§ **Task item**
Copy out the data from the line containing "AI generated Vintage" to its last line, exactly. No pictures.

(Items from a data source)

__________________________________________________

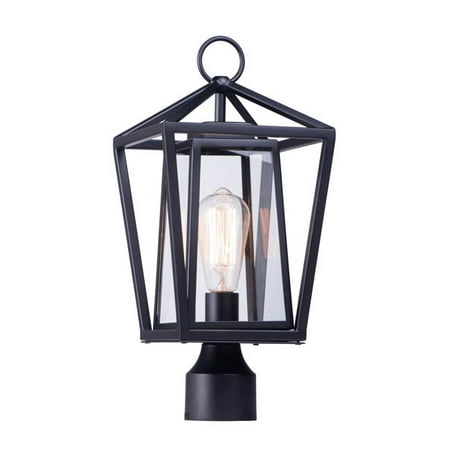 17 in. Artisan One-Light Outdoor Post Lamp Mount  Black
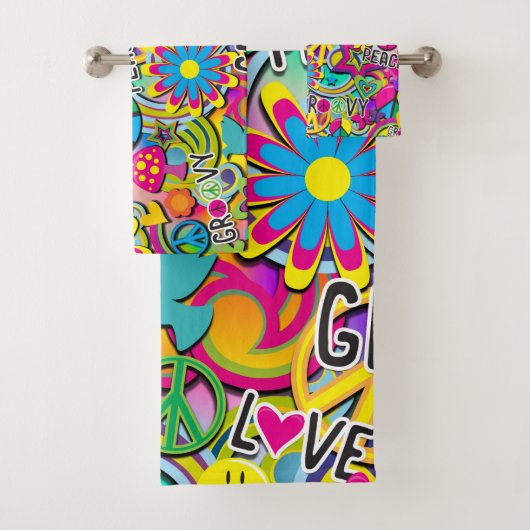 Retro Groovy FUN 60's Sixties Funky Kleurrijk Bad Handdoek (Insitu)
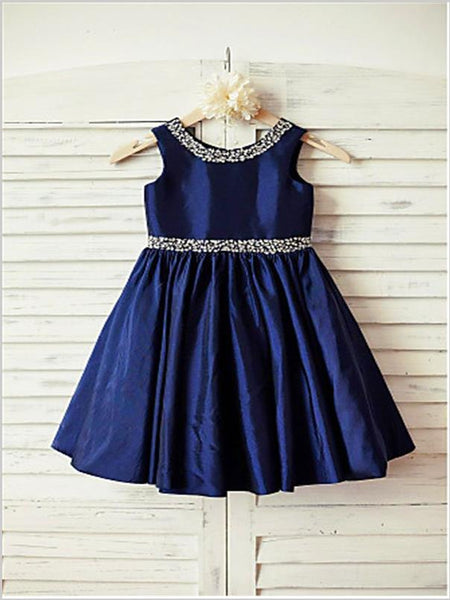 Rhinestone Taffeta Sleeveless Flower Girl Dresses Tea Length Dress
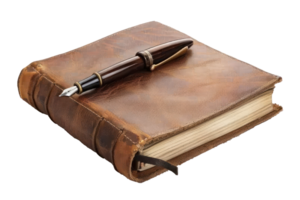 AI generated Vintage leather journal with fountain pen png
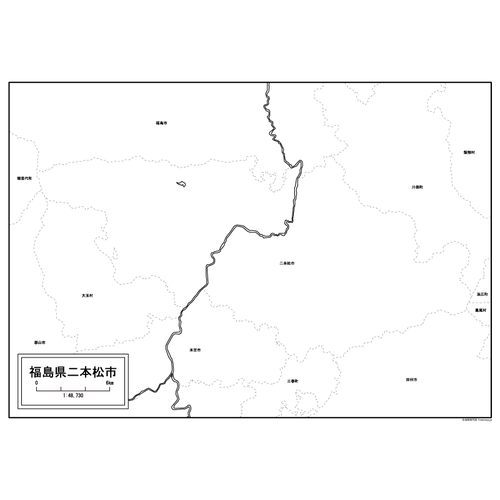 二本松市の白地図のサムネイル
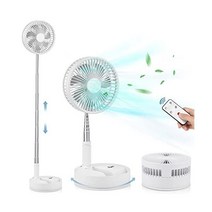 리모컨이 있는 휴대용 진동 스탠딩 팬 20 3cm(8인치) 접이식 책상 팬 7200mah 충전식 저소음 USB 미니 바닥 팬 개인 침실 사무실 낚시 캠핑 여행용 받침대 팬, 20cm
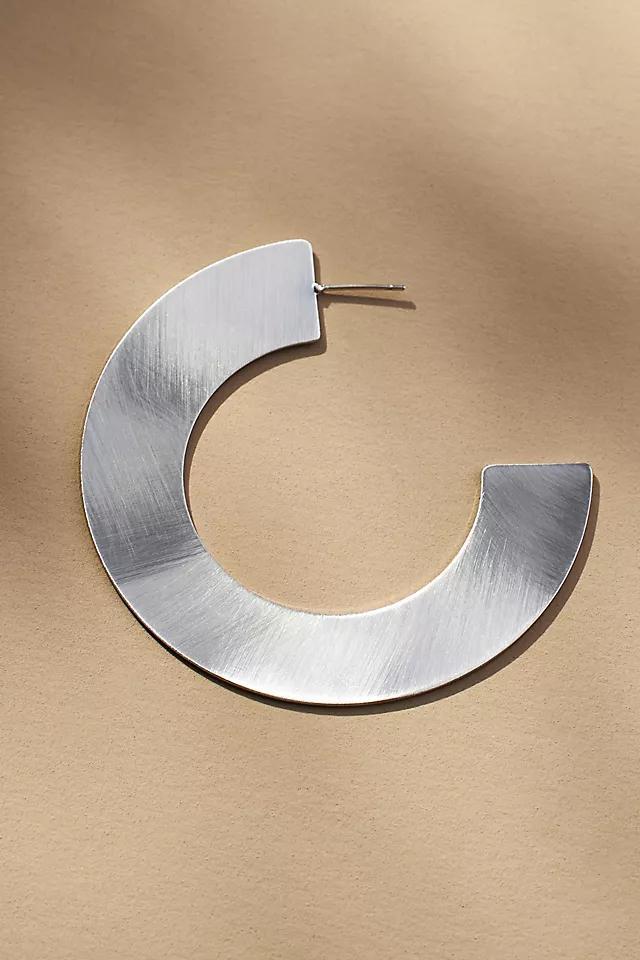 Brushed Flat Hoop Earrings Product Image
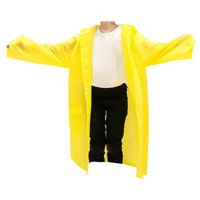 Magideal - Poncho De Lluvia Reutilizable, Chaqueta De Equipo De Lluvia Con Mangas, Impermeable, Ligero De Eva, Abrigos Impermeables Para Niños, Hombres, Niñas De Amarillo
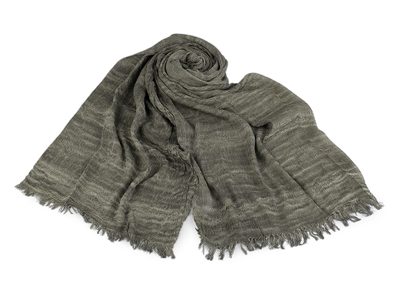 Letní šátek / šála bavlněná 70x195 cm - 5 zelená khaki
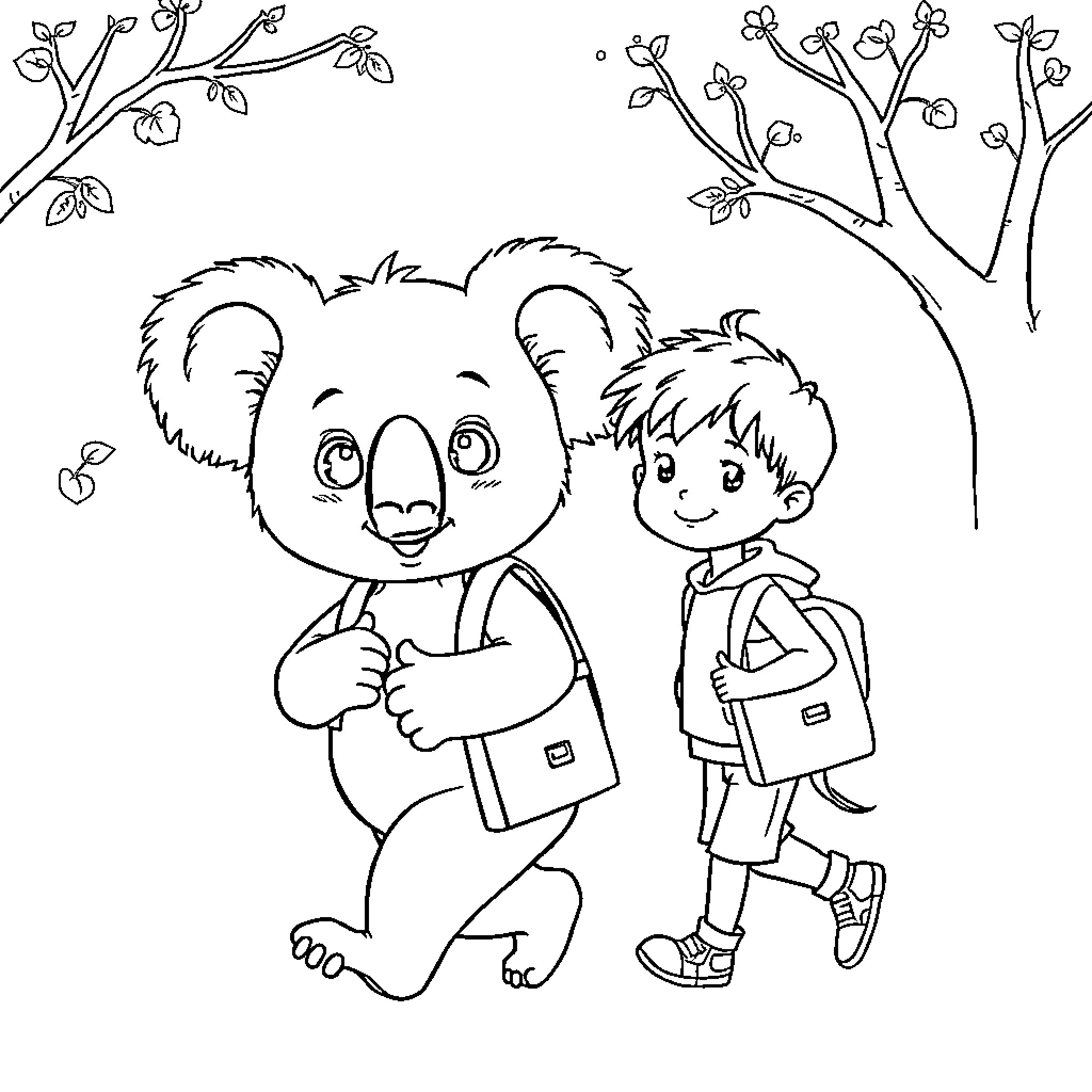 Koala and child exploring the outdoors together Coloring Page (free black-and-white line drawing printable PDF for all, from beginners to advanced learners, including children, teens, adults, and seniors)
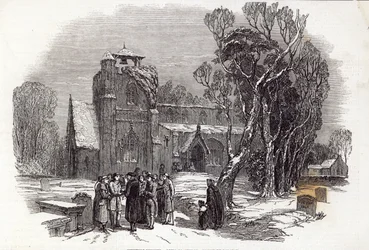 Karácsony reggel: Templomba járás, W.J. Linton metszet, a „The Illustrated London News”-ból, 1846. december 26.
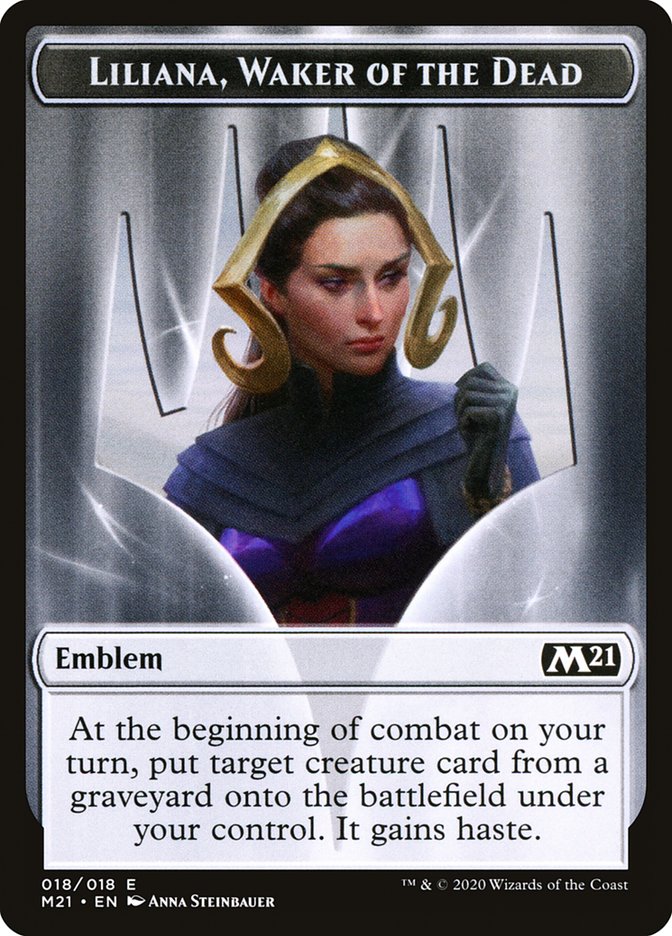 Liliana, Waker of the Dead Emblem [Core Set 2021 Tokens] | Odin's Place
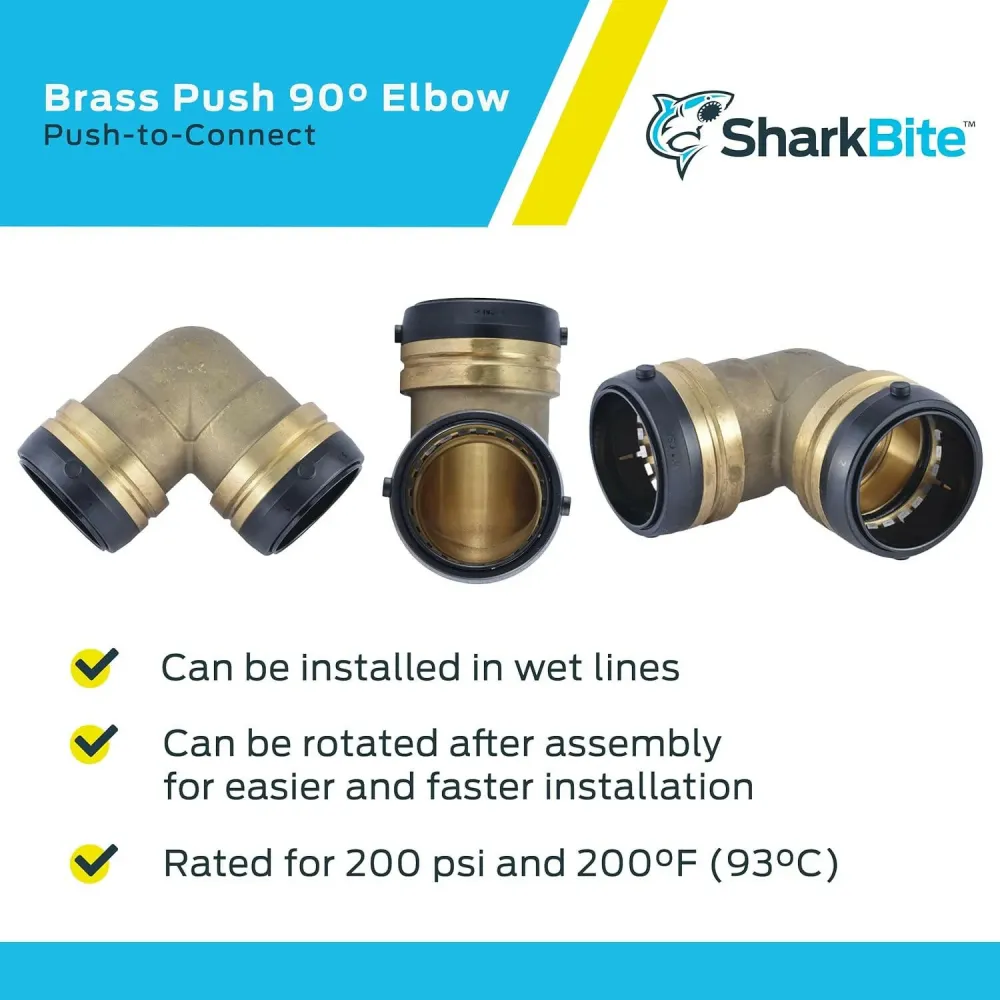 SharkBite 2 . x 2 . Messing Push 90-Degree Elbow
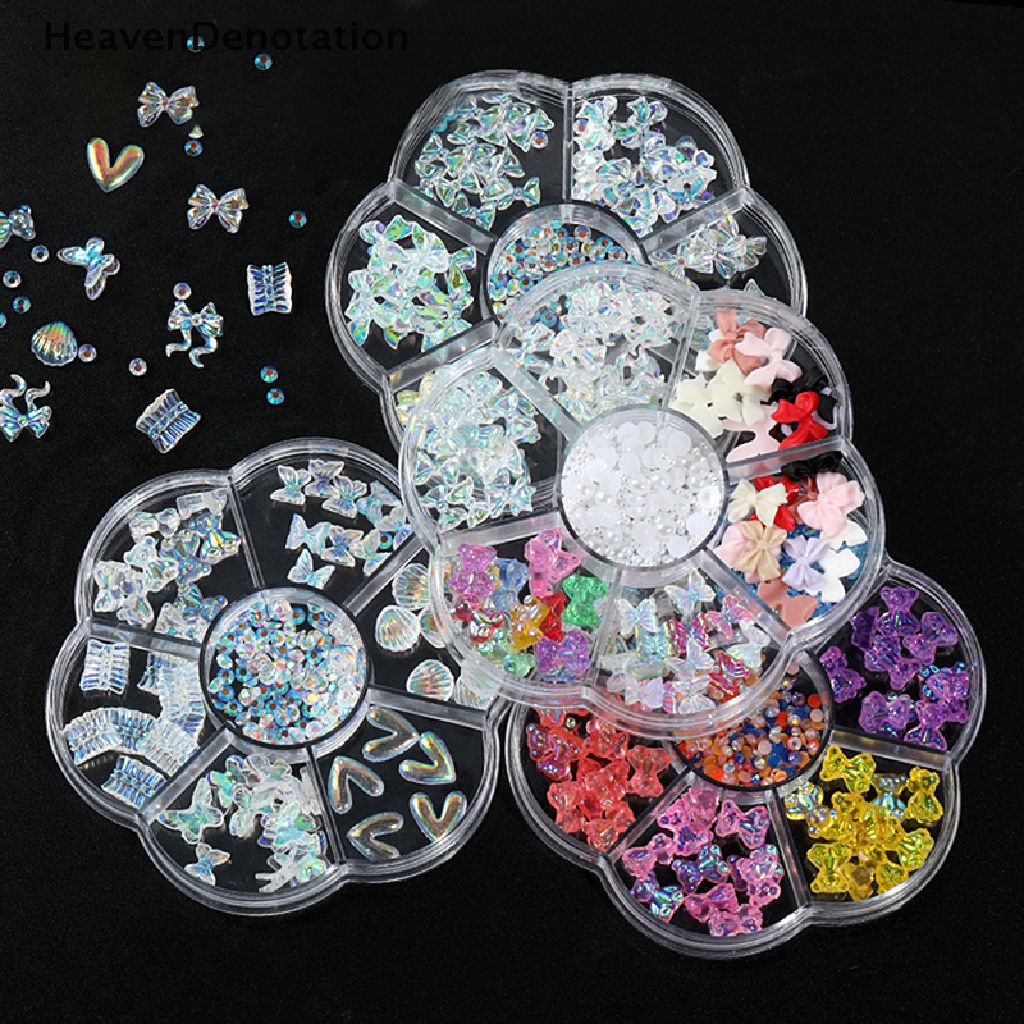 [HeavenDenotation] 3d Bunga Berlian Imitasi Mutiara Campur Set Box Nail Art Untuk Manicure DIY Profesional HDV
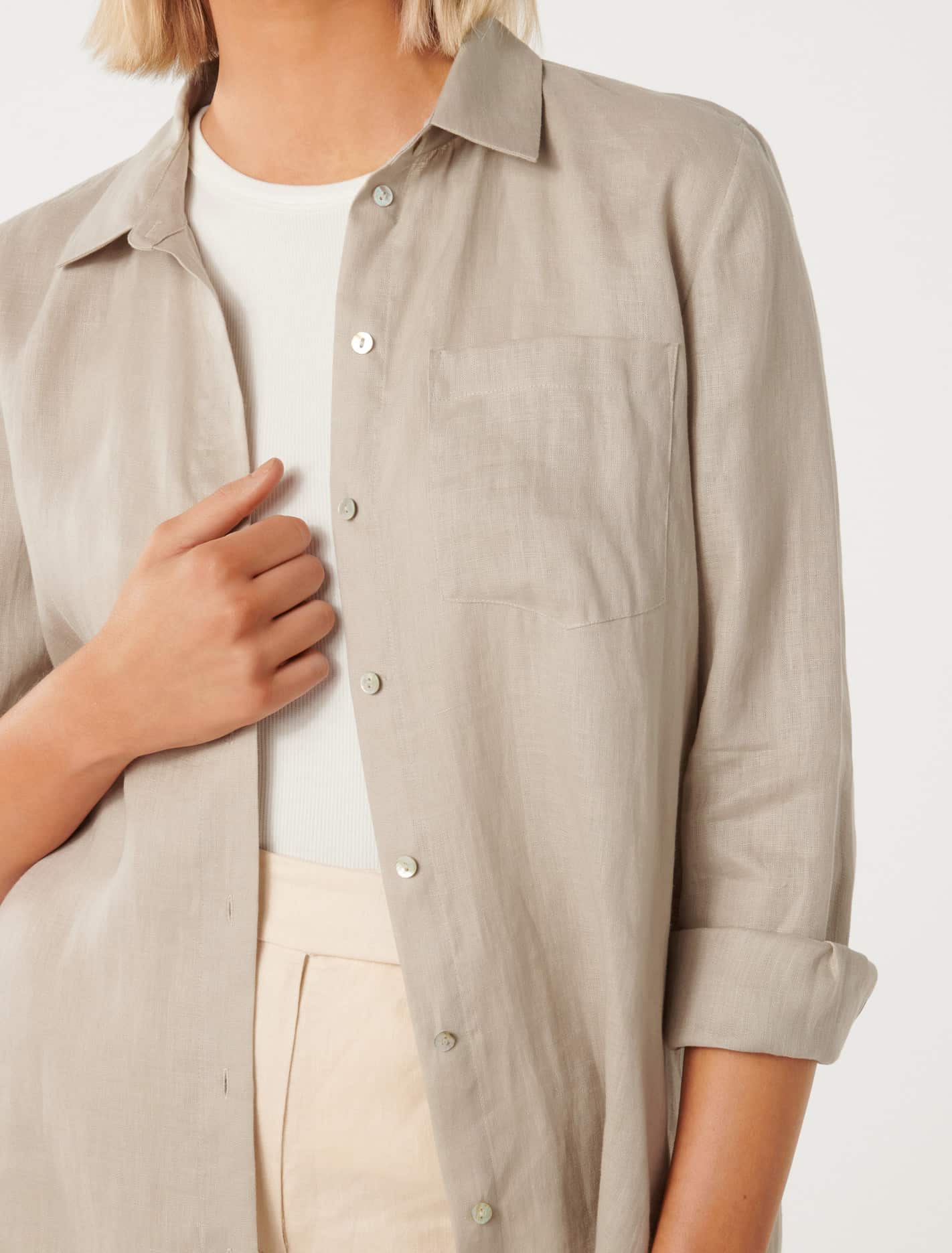 Lydia Oversized Linen Shirt Light Fawn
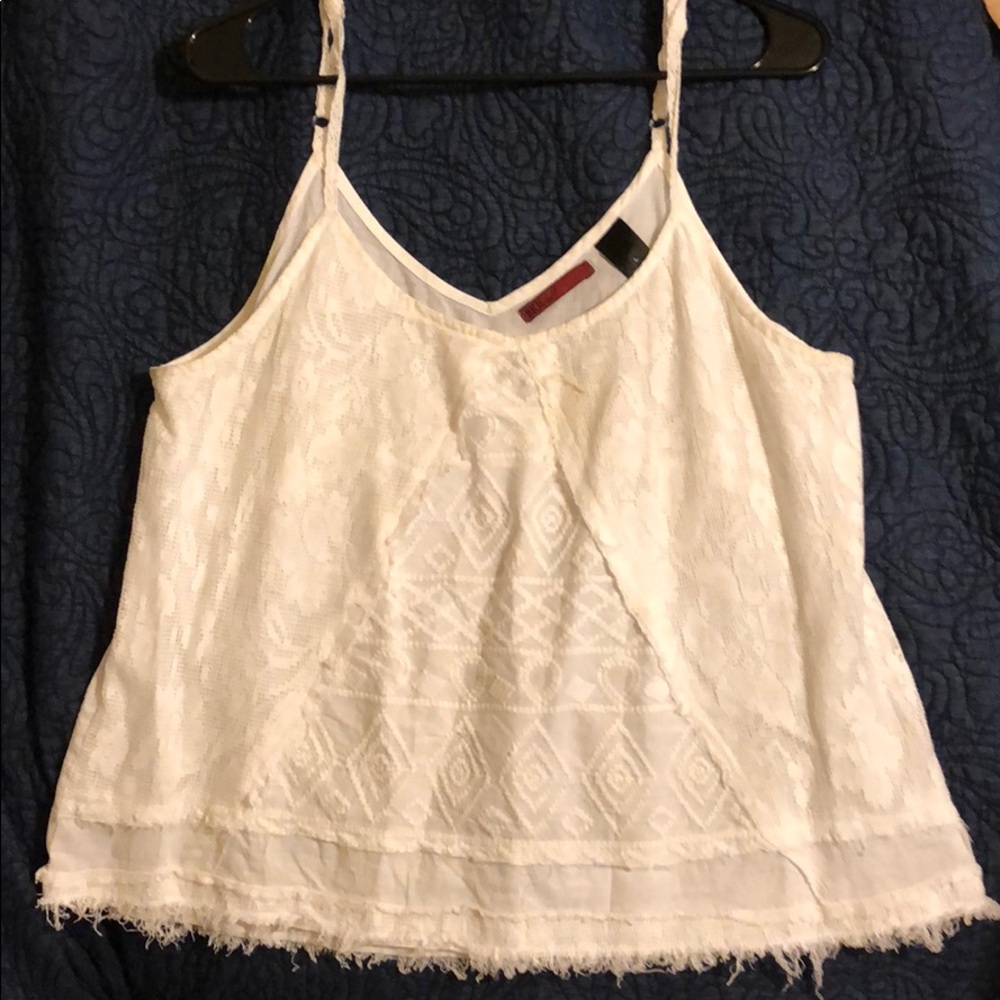 BKE Red - White Embellished Tank - L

__________________________________________________

§ **Answer below**
 AI generated Vintage leather journal with fountain pen png
 二本松市の白地図のサムネイル
 리모컨이 있는 휴대용 진동 스탠딩 팬 20 3cm(8인치) 접이식 책상 팬 7200mah 충전식 저소음 USB 미니 바닥 팬 개인 침실 사무실 낚시 캠핑 여행용 받침대 팬, 20cm
 Brushed Flat Hoop Earrings Product Image
 Magideal - Poncho De Lluvia Reutilizable, Chaqueta De Equipo De Lluvia Con Mangas, Impermeable, Ligero De Eva, Abrigos Impermeables Para Niños, Hombres, Niñas De Amarillo
 Letní šátek / šála bavlněná 70x195 cm - 5 zelená khaki
 Koala and child exploring the outdoors together Coloring Page (free black-and-white line drawing printable PDF for all, from beginners to advanced learners, including children, teens, adults, and seniors)
 Karácsony reggel: Templomba járás, W.J. Linton metszet, a „The Illustrated London News”-ból, 1846. december 26.
 Liliana, Waker of the Dead Emblem [Core Set 2021 Tokens] | Odin's Place
 SharkBite 2 . x 2 . Messing Push 90-Degree Elbow
 [HeavenDenotation] 3d Bunga Berlian Imitasi Mutiara Campur Set Box Nail Art Untuk Manicure DIY Profesional HDV
 Lydia Oversized Linen Shirt Light Fawn
 BKE Red - White Embellished Tank - L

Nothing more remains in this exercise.